CONTAINER TECHNOLOGY OVERVIEW
Containers allow organizations to run their applications reliably in any computing environment by encapsulating all of an application’s dependencies. This self-contained artifact is referred to as a container image. One or more running container instances can be created from a container image. These images are then run on an orchestration platform like Red Hat® OpenShift®. The container image encapsulates everything an application needs, including the code, system tools and libraries, and generic settings.
While hypervisor-isolated virtual machines (VMs) similarly offer portability, containers offer an abstraction between the operating system system and application levels, which consumes fewer resources than a VM. Linux kernel features such as namespaces and cgroups work together to isolate running containers, making it possible to safely share the underlying compute resources. Containers are suitable for automated, highly dynamic scaling, and for automated migration in failure cases, because they decouple applications from individual hosts, often referred to as “compute nodes.” The discrete nature of software containers can help teams decompose complex feature sets into architecturally independent microservices that can be rapidly and independently iterated.

Figure 1. Container image life cycle
Container adoption has accelerated over the last several years. According to a report by Datadog, container usage increased by 40% between 2016 and 2017. Once an organization begins down the path of containerization, its proliferation often accelerates. The same report found that container adoption quintupled in production in the first 10 months.
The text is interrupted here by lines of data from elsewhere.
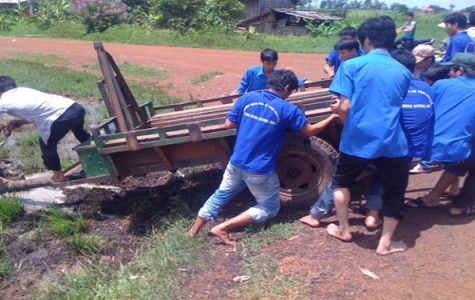 Thanh niên tình nguyện trường Đại học Kinh tế - Kỹ thuật Bình Dương: Nhiều hoạt động ý nghĩa, thiết thực tại huyện Ea Soup, tỉnh Đắc Nông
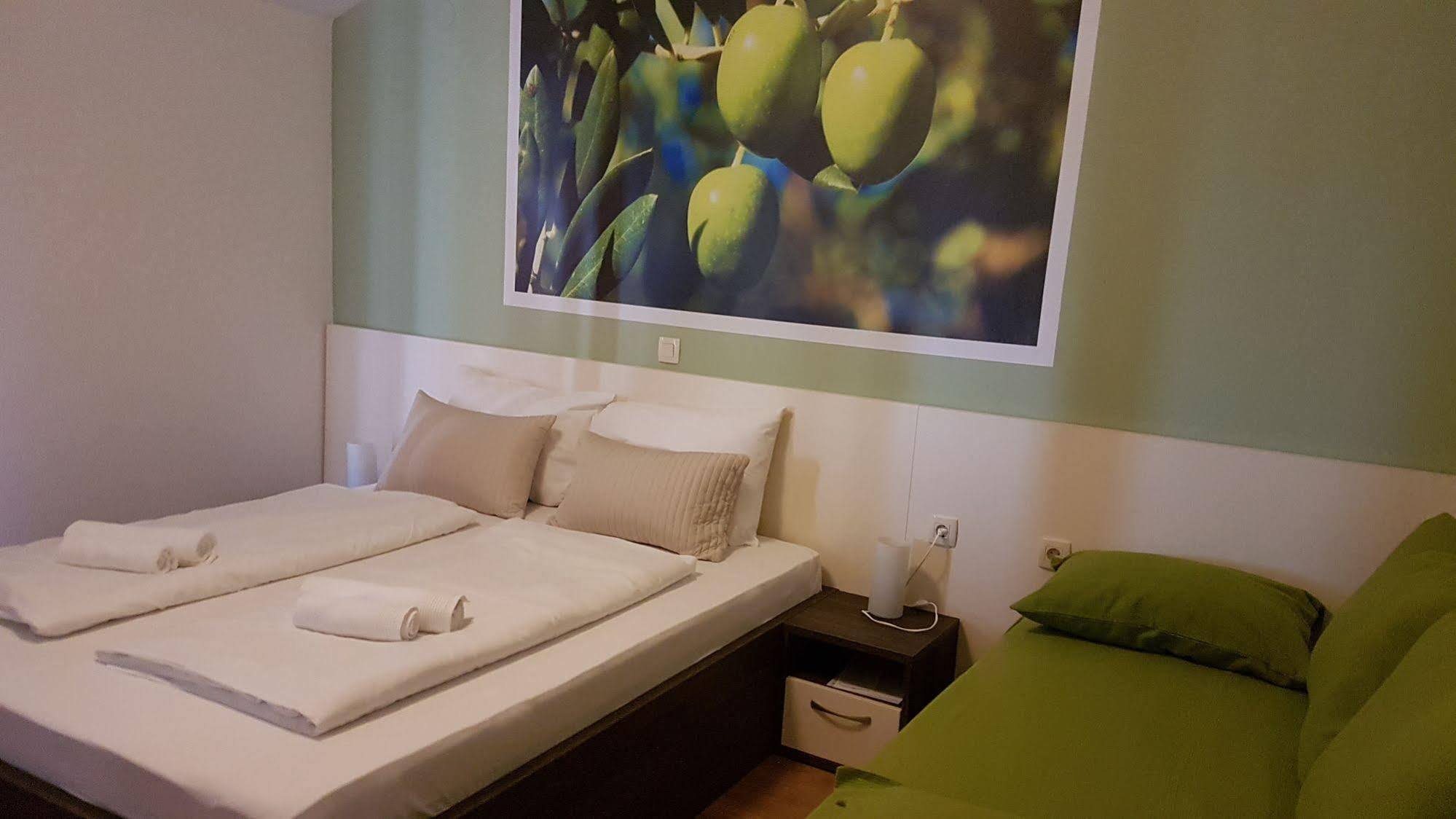 Bed & Breakfast Marta & Tona Kustići Zewnętrze zdjęcie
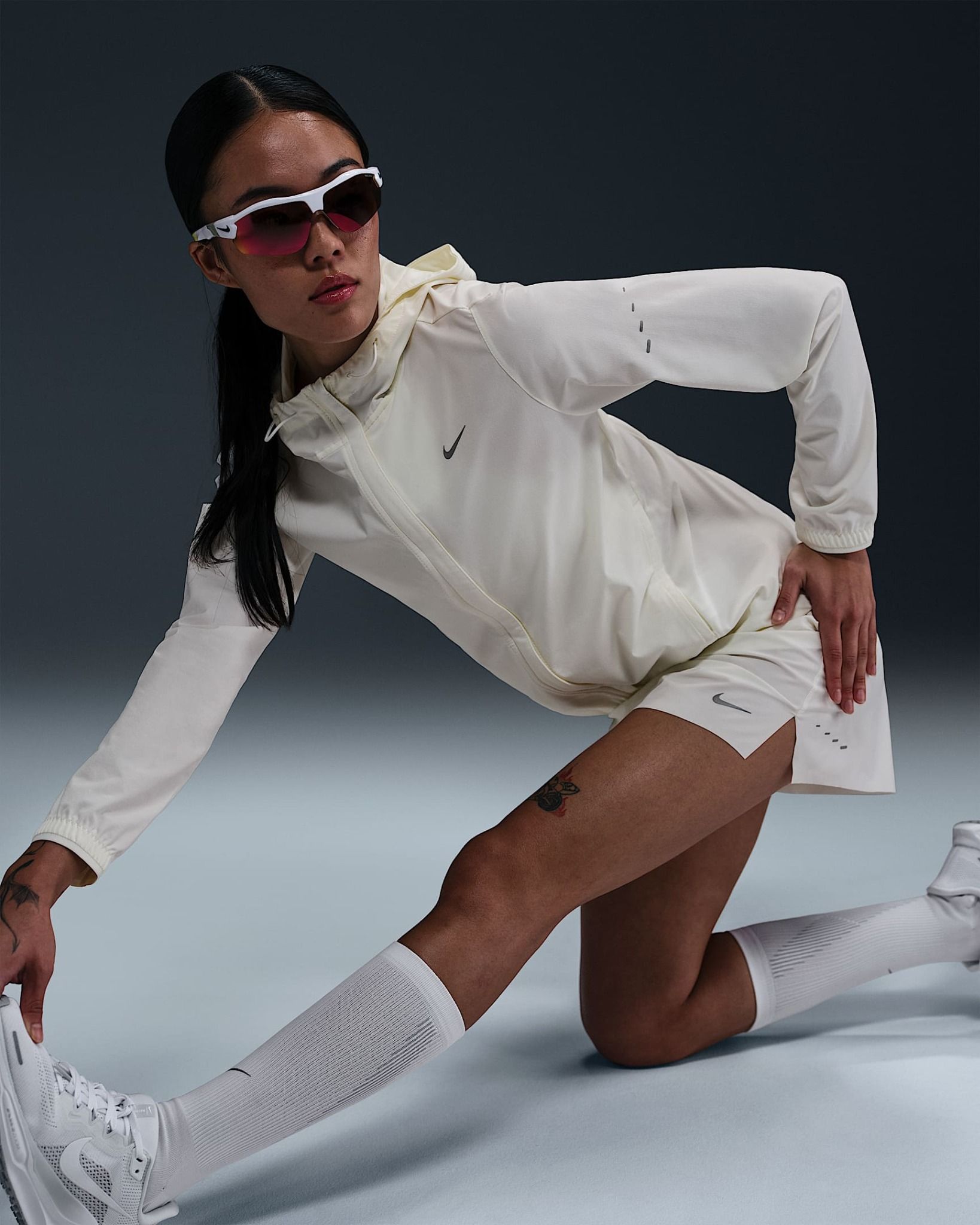Nike - Áo khoác thể thao Nữ Swift Women's Repel Packable Running Jacket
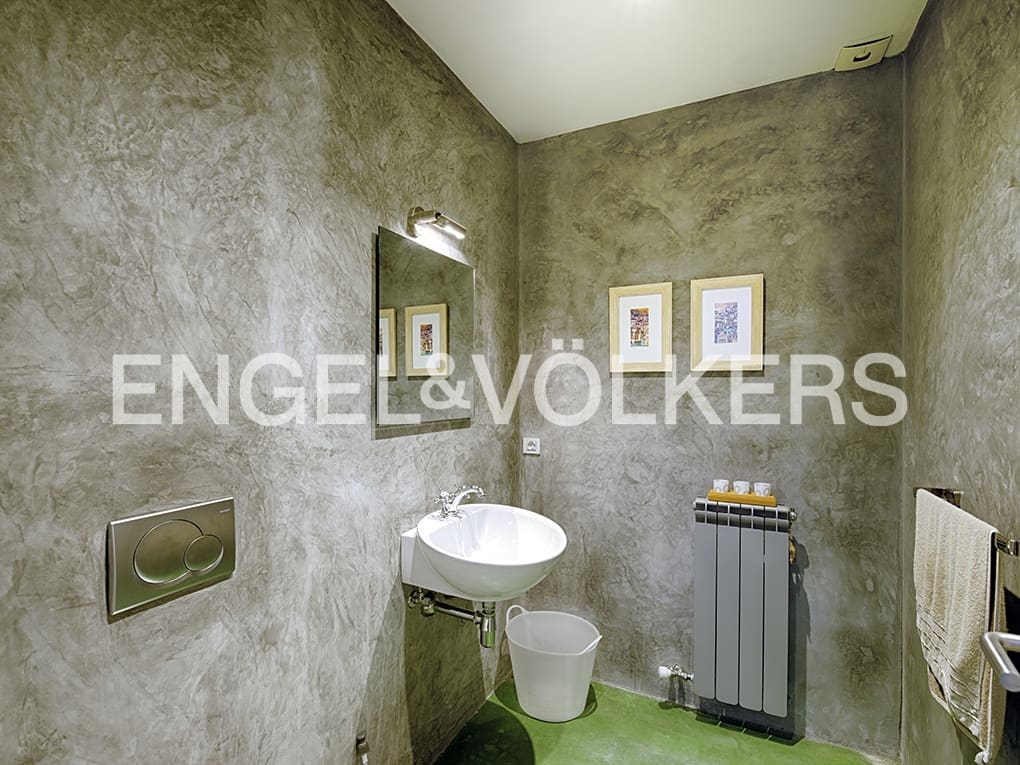 10 chambre Finca/Maison de Campagne à vendre à Macanet de Cabrenys avec garage - 2 700 000 € (Ref: 9113120)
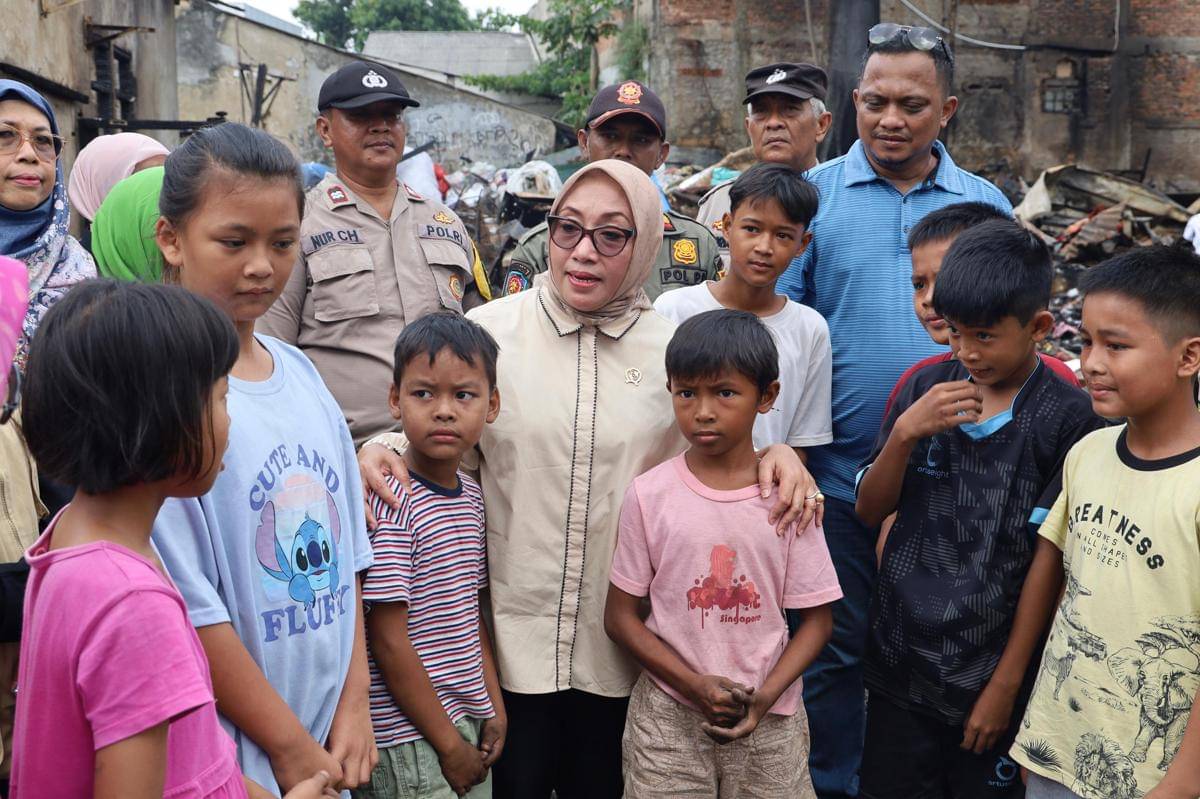 Menteri Pemberdayaan Perempuan dan Perlindungan Anak (PPPA), Arifah Fauzi, meninjau posko pengungsian kebakaran di Pengadegan Timur, Jakarta Selatan, pada Minggu (12/10/2025). (Dok. KemenPPPA).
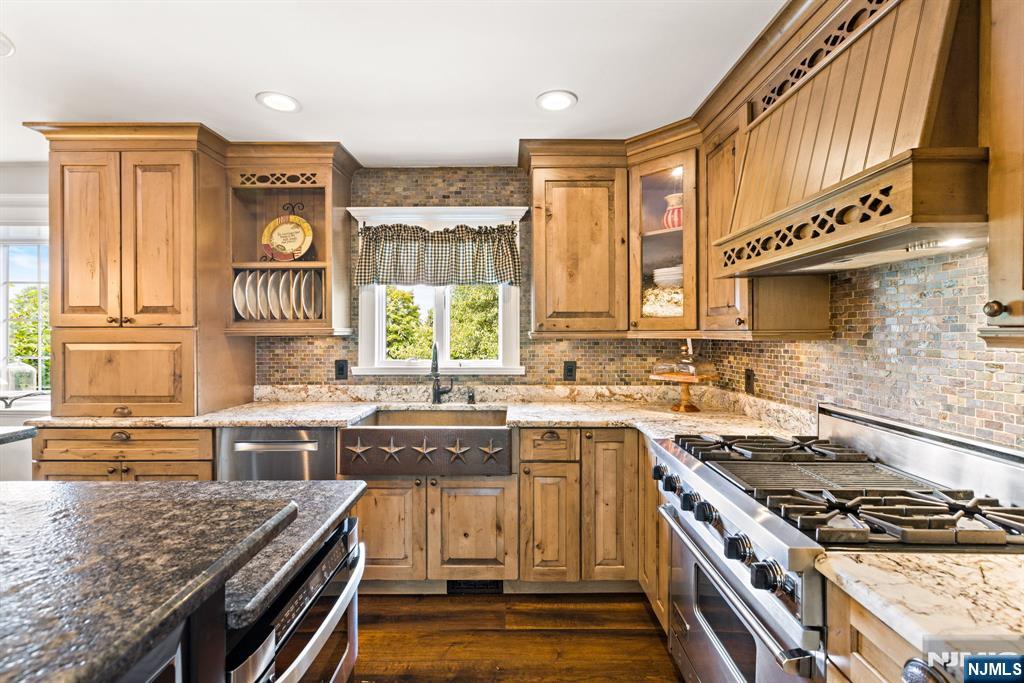11 Tannery Lane Property Photo 8
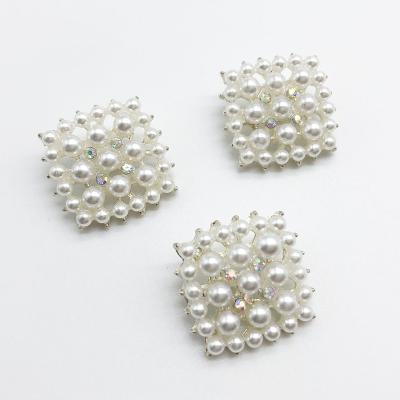 China leg fancy lady coat button with full pearl white high quality with competitive price for sale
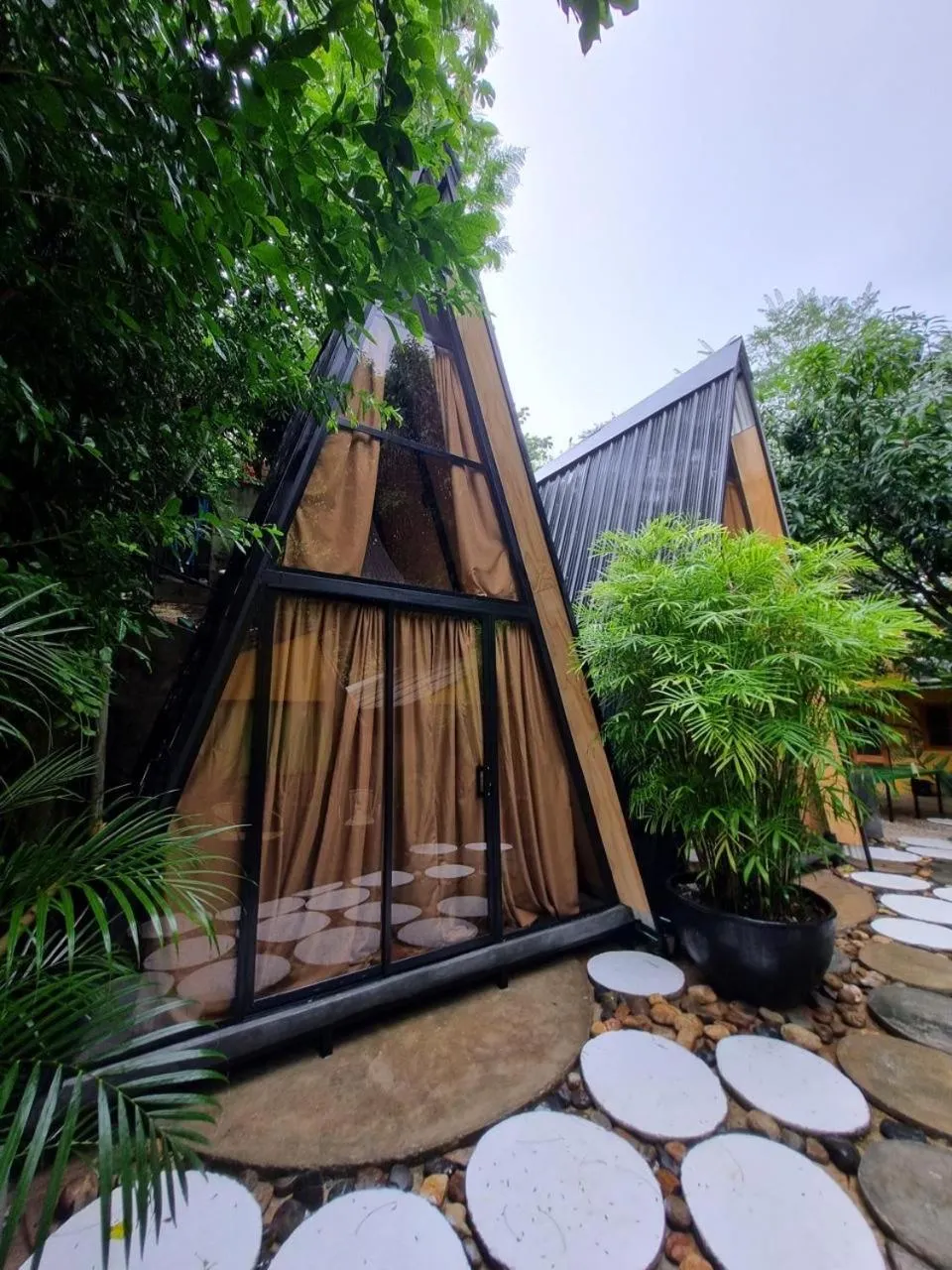 Property building in Costeño River Minca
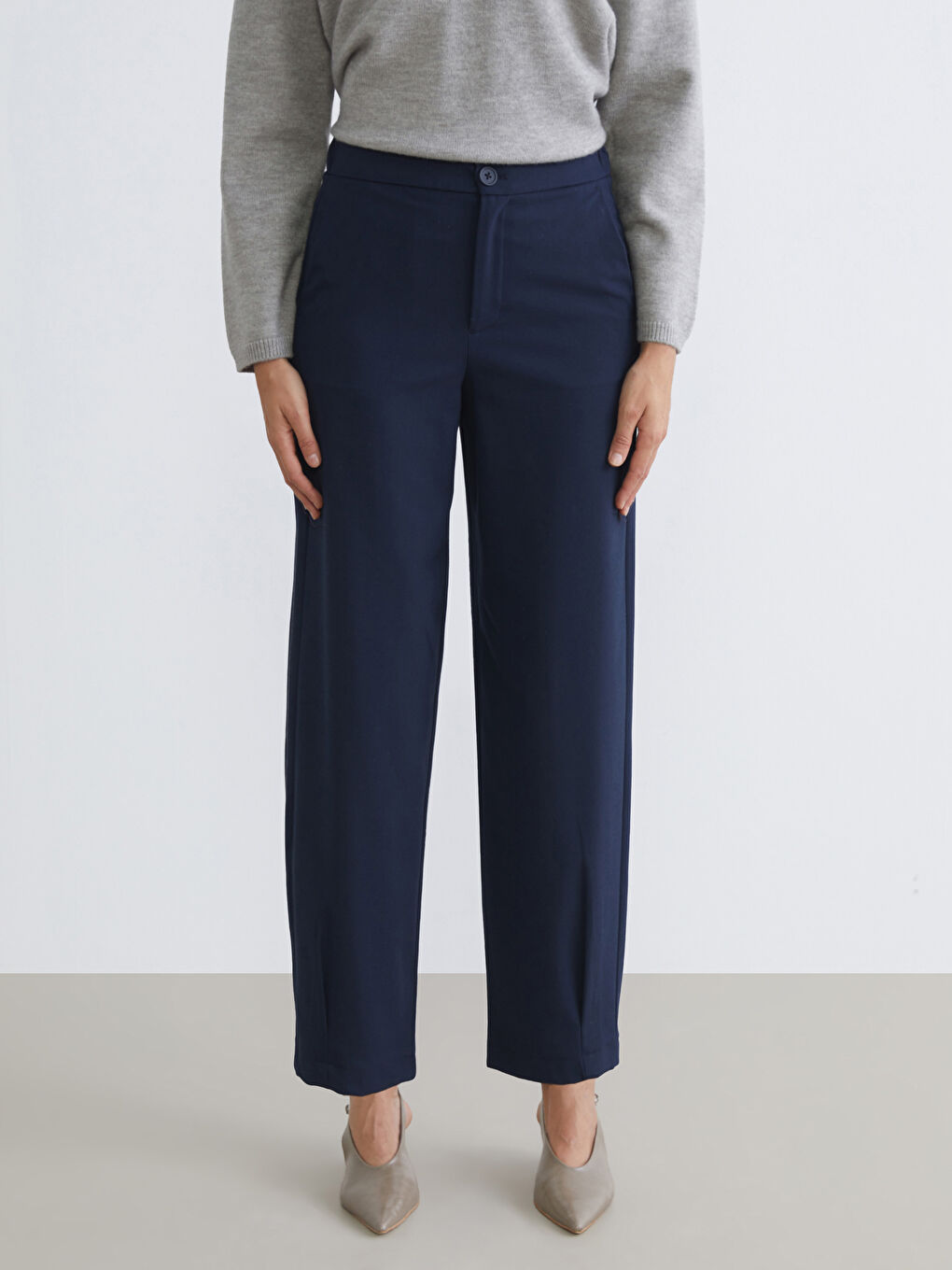 Lacivert Havuç Kesim Kadın Pantolon-1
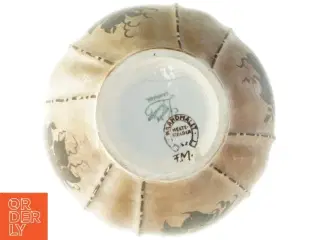 Vase fra Lyngby Porcellæn (str. 20x13 cm)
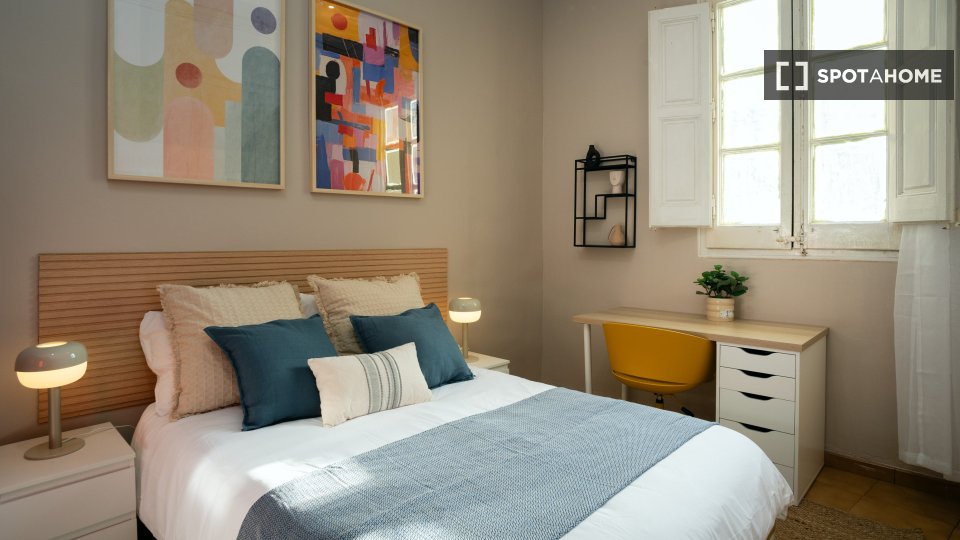 Double room Barcelona, 5 beds, 160m² — photo 10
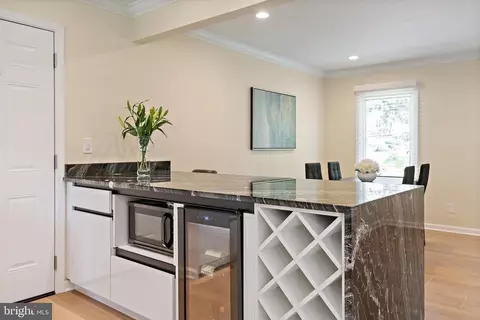 Kitchen - 1126 Mainsail Dr, Annapolis, MD 21403 photo 12 of 14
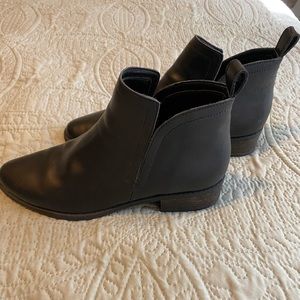 Dolce Vita Booties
To be able to deploy containers, container orchestrators require a registry where images are stored. Consequently, container registries are now a critical part of a modern software deployment pipeline.
CONTAINER REGISTRIES
Container adopters can choose generic blob artifact storage or a container-specific registry solution for storing images. Generic storage solutions typically treat images like binary objects and are severely limited in their ability to inspect inside the container image. However, container images use layered file systems and often come with a manifest that details what is inside. This allows container-native tools to perform more detailed auditing, security scanning, and performance optimization. Image registries are designed specifically for container images, so they provide a more robust, scalable, and better informed solution.
The registry specification was recently made independent via the Open Container Initiative (OCI) Distribution Specification project. All container registries on the market today have the core functionality in this specification: the upload (push) and download (pull) of container images. However, many organizations need a registry with additional features to make it suitable for use within their environments.
ENTERPRISE REGISTRY REQUIREMENTS
SECURITY | ROBUSTNESS AND SPEED | AUTOMATION |
Support multiple authentication systems and identity providers | High availability and scalability | Build trigger |
Vulnerability scanning | Geosynchronous replication | Git hook compatible |
Encrypted command-line interface (CLI) passwords | Continuous, zero downtime garbage collection | Robot accounts |
Detailed logging for auditings | Torrent distribution | Webhooks |
Organizations and teams supported | Integration with multiple storage backends | Extensible application programming interface (API) |
An enterprise-ready registry should have security at the center of its design. It should:
- Support multiple authentication systems.
- Come with role-based access control (RBAC) management to ensure fine-grained access control of the registry.
- Use vulnerability scanning capabilities to prevent compromised images from being deployed.
- Record all registry activity in auditable logs so administrators can trace any activity back to a single user.
An enterprise registry must be robust and fast at scale, highly available, geographically replicated, and optimized for automation. Robot accounts and git hooks reduce the possible amount of human error and lag time from the deployment process. Garbage collection should also be automated and require no downtime.